§ WHAT NEEDS TO BE DONE: The lines to copy from the data below are those that hold the string "based".

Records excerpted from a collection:
☆ ☆ ☆ ☆

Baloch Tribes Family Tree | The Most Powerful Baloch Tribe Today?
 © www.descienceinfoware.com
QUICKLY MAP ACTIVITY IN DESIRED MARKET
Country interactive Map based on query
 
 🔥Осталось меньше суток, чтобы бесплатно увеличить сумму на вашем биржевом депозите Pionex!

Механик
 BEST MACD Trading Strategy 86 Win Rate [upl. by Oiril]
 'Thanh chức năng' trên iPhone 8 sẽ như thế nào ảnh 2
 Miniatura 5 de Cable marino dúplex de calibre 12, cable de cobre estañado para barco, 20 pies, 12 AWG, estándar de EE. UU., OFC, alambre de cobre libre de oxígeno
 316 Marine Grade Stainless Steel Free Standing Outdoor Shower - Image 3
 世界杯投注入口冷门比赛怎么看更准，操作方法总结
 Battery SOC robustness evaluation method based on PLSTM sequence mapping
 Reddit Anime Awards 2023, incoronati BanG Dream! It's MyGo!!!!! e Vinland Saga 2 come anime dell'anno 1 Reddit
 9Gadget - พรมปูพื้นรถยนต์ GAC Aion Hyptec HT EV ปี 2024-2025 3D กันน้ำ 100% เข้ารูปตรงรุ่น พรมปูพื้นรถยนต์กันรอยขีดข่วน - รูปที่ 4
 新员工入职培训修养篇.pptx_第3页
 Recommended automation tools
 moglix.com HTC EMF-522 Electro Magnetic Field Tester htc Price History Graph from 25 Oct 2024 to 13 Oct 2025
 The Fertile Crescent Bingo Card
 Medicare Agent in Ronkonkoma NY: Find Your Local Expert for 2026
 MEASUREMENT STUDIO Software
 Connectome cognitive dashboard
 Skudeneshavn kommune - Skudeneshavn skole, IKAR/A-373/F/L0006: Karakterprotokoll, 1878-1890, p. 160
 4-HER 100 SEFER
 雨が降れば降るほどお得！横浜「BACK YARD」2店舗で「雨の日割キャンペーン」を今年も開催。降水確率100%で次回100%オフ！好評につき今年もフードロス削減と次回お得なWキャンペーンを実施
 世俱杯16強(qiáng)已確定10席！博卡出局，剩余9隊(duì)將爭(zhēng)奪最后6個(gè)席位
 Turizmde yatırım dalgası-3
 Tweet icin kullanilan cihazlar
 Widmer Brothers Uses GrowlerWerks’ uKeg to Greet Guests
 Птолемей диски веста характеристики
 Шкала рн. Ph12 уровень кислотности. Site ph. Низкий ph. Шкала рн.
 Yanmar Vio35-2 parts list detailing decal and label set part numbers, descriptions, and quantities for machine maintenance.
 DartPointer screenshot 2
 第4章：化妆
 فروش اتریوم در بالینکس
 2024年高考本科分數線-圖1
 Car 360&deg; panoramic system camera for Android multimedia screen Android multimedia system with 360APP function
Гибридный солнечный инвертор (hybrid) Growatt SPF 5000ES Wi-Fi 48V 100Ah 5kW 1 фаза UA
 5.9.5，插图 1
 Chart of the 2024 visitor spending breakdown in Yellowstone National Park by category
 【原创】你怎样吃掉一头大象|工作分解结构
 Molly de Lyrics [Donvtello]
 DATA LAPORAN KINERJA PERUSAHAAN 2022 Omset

☆ ☆ ☆ ☆

§ ANSWER TO THIS TASK:
Country interactive Map based on query
 Battery SOC robustness evaluation method based on PLSTM sequence mapping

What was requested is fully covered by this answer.